As the world becomes increasingly interconnected and technology continues to break down barriers, it’s more important than ever to be receptive to regional and national concerns.
Even as globalisation helped foster a long stretch of improving living standards, boosting world GDP to around $75 trillion in 2016, from $50 trillion in 2000, it has also wrought unsettling change and exacerbated some disparities. That’s gone hand-in-hand with a rise in nationalist politics, as disenfranchised voters turned their back on open borders.
While technology has often underpinned those widening differences, it could also bridge some of the gaps, linking the local to the global as the Fourth Industrial Revolution takes hold.
“Past periods of globalisation have been justly criticised for leaving people behind while also being celebrated for generating wealth, spreading technologies and raising living standards,” the World Economic Forum’s Nicholas Davis and Derek O’Halloran said. “But we can, and should, do better in Globalisation 4.0.”
Balancing the benefits of globalisation with the disadvantages, has proven an elusive goal for many policymakers. Politicians, world leaders, businessmen and thought leaders gather in Davos this month to debate these concerns against the backdrop of the WEF Annual Meeting’s theme: Globalisation 4.0: Shaping a Global Architecture in the Age of the Fourth Industrial Revolution.

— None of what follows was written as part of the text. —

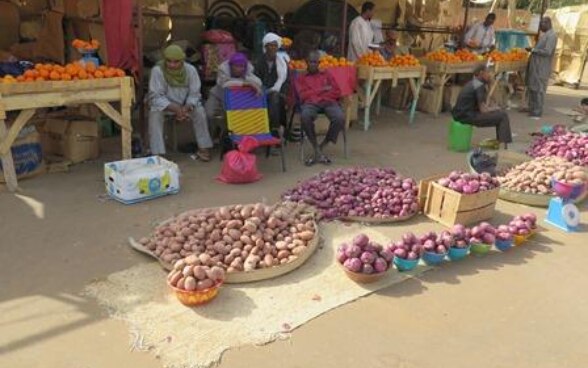 marché local © Agro sans frontière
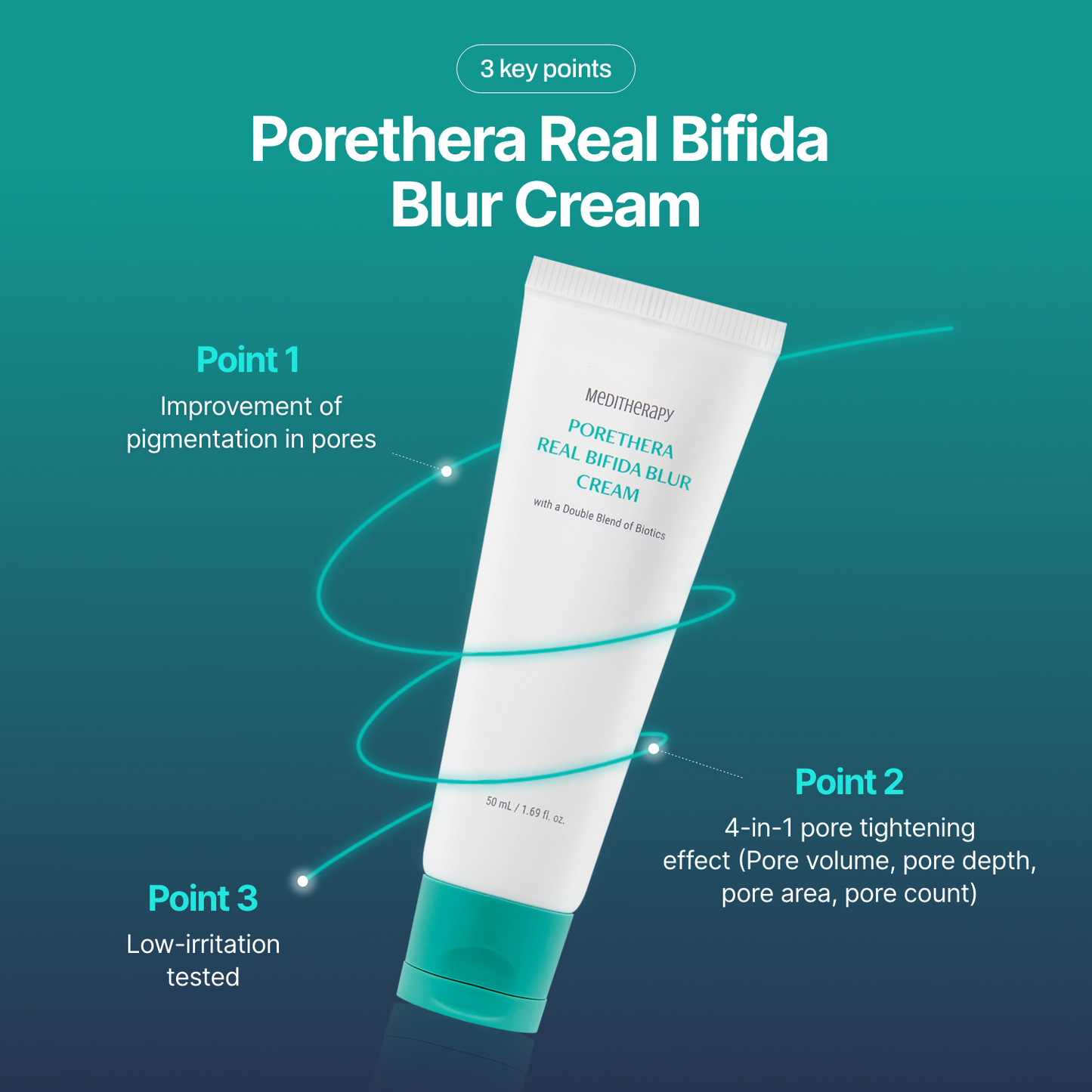 [Amazon] Porethera Real Bifida Blur Cream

With every industry, in every country, set for more disruption as digitalisation and artificial intelligence advance, long-held norms and values will need to be rethought. The Forum’s chairman Klaus Schwab has called for a “new global architecture” to safeguard public trust and to help ensure the increasingly globalised world does not become increasingly unequal.
Central to achieving this is Finablr’s view that there is no “one-size-fits-all” solution. The spread of the internet and digital technologies means many people are becoming more global and more local at the same time, boosting the need for a regional focus and responsiveness.
According to Finablr’s chief executive officer, Promoth Manghat, companies and organisations need to make sure they are locally aligned, with people and customers at the centre of all decisions. In this way it’s possible to be responsive, while also being global, but it requires investment of time and energy to really understand what’s going on.
And it’s not just cultural differences that need to be taken into account. Regional and national disparities also exist in legislation and regulation. Working with different regulators requires a broad expertise that is built over time. As a global entity with operations across 160+ countries, The Finablr network works closely with regulators around the world and across emerging markets.
Technology has a big role to play in helping ensure globalisation is mindful of regional differences, and has already laid the foundations for better responsiveness, connecting people from disparate regions with consumers and businesses.
Insights gleaned by tech can push governments to become more agile, more transparent and better informed, fostering trust and legitimacy and helping stamp out corruption. In India, policymakers hope their move away from cash will help increase the use of digital payments, bolstering trackability and accountability.
Digitalisation can also help empower those who have traditionally been financially excluded, bringing mobile financial services to far-flung destinations and urban centres alike.
Nowhere is this more evident than among migrant populations. As it becomes easier to move for work, and more people do so for economic reasons, it becomes essential to ensure they’re protected. In the UAE, where migrants make up more than 75% of the population, Finablr Network brand, UAE Exchange worked with government entities to introduce the Wages Protection System, an electronic salary transfer system that ensures timely salary to workers.
Designed to streamline salary disbursal and benefit employers and employees, UAE Exchange’s solution Smart Pay now partners with tens of thousands of businesses and enables nearly half a million people to collect their salaries from ATMs or any branch of the UAE Exchange network within two hours of the funds being deposited.
This is just one example of how digital advances can help reshape conventions and improve the empowerment of those at risk of being left behind. It’s easy to see how technology can improve transparency in many other ways.
The future is happening now. As technology brings the world together at an ever-more rapid pace, it’s important to ensure recognise the potential pitfalls, so fewer people are left behind. This represents both a challenge and an opportunity for globalisation, in an ongoing discussion that Finablr is well-placed to contribute to.